Tuesday, March 11, 2014

Erich Ludendorff, Wotanist

It is a little known fact that General Erich Ludendorff (1865-1937), the famous German General from WW1 was in fact a Wotanist. This is incredible considering that very few people were openly heathen in a still traditionally xtian country in the early 20th century. In The Jung Cult, 1994 Richard Noll writes:

"The most influential of these neopagan groups was the Tannenberg Foundation of General Erich Ludendorff and his wife, Mathilde von Kemnitz, a famous voelkisch writer, who became Frau Ludendorff in September 1926. A widely used symbol by the Tannenberg Foundation (and by many others of these neopagan groups) was the sacred hammer of Thor.
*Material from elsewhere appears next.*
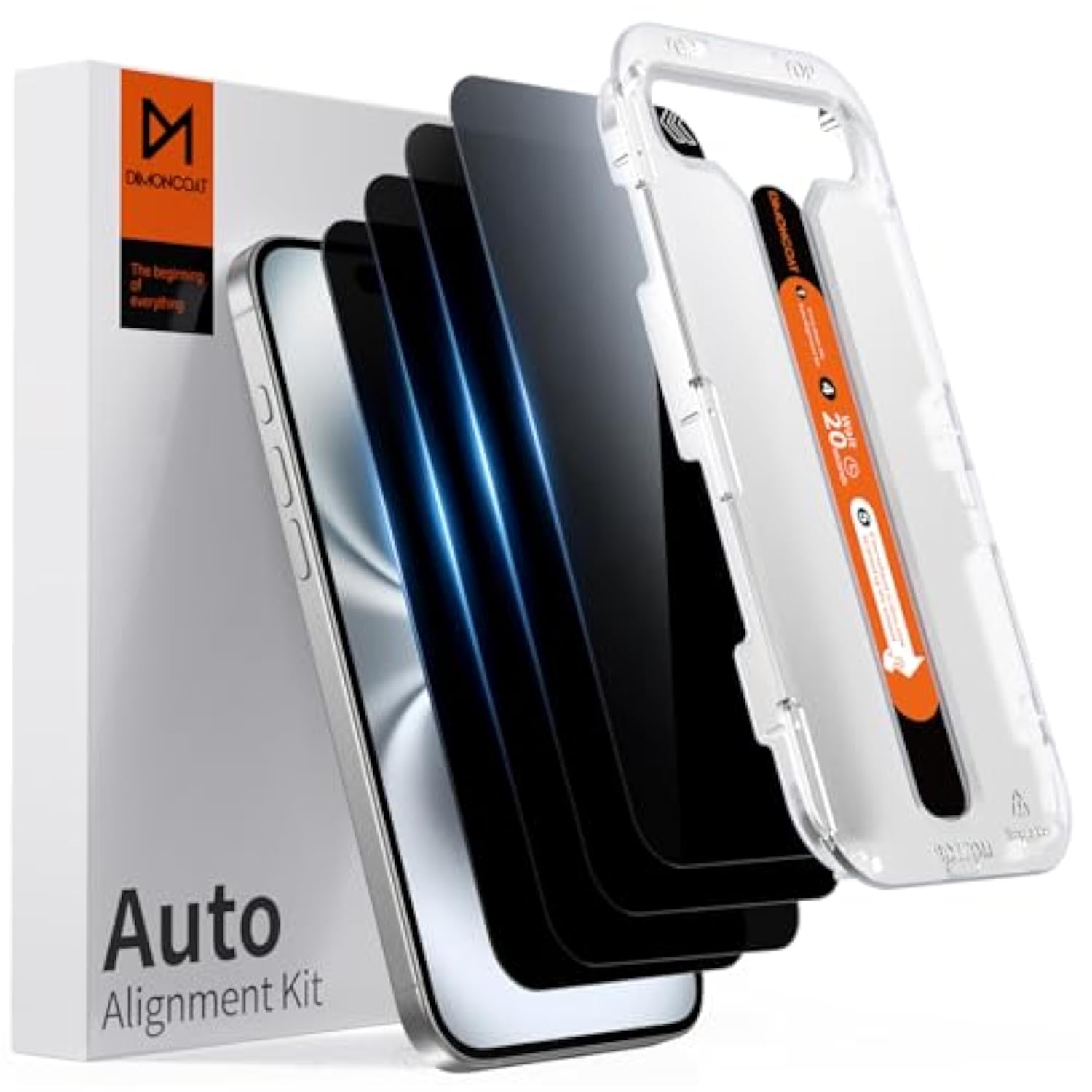 4-Pack Privacy Screen Protector for iPhone 16 Plus [6.7"], 10X Protection, Auto Align, Case Friendly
General Ludendorff was an early ally of Hitler`s and assisted him in the planning of the botched 1923 Munich putsch."

Unfortunately after the National Socialists formed a government in 1933 there was a gradual clampdown on most heathen and esoteric groups. Why this is so is open to speculation. This could have been motivated by the National Socialists` desire that all groups in society conform to the policies set out by the new government. In the aftermath of this fairly bloodless revolution there was a general anxiety that any occult groups not tied directly to the party could present problems. Another theory may be that certain xtian elements in the new government sought to clamp down on nonconformists of any description or perhaps the party did not want to reveal that its origins were formed in the occult Thule Gesellschaft and other such secret societies. 

"However in the late 1920s and early 1930s Ludendorff became an opponent of Hitler, and therefore when the latter assumed power in January 1933 the Tannenberg Foundation was banned. Nonetheless, in the years following the Great War Ludendorff campaigned for the pantheistic Aryan-Germanic faith based on the old Indo-Aryan Urreligion. As Paul Banwell Means describes it, `In line with the Tannenberg program for the restoration of the ancient Germanic religion, General Ludendorff, accompanied by a few young men, would from time to time retire to the forests near Munich, where a bonfire was lighted and a horse sacrificed in honour of Thor, the God of Thunder.` As Ludendorff knew, horse sacrifice seems to have played a central role in the ancient religion of the Indo-Europeans."

Richard Noll also writing in Aryan Christ, 1997:

"Others wanted a Wagnerian twist to their Volkish neopaganism. They gathered in bearskins and made ritual sacrifices of animals to Wotan, Thor, Baldur, and other Teutonic deities. They studied the symbols of the ancient Norse runes and took visionary journeys to meet with members of an ancient spiritual brotherhood. There were dozens of groups like these, large and small. They convinced themselves that they were chosen, like the grail knights in Wagner`s Parsifal, to seek and protect the Holy Grail-in this case, the spiritual purity of Aryan blood. The most famous of these was the Tannenberg Foundation of General Erich Ludendorff, war hero and, later, a coconspirator in Adolf Hitler`s failed putsch in 1923. The symbol of Ludendorff`s organization was the hammer of Thor. Like many in German culture at the turn of the century, Ludendorff wanted to eradicate Christianity and replace it with an Aryan faith."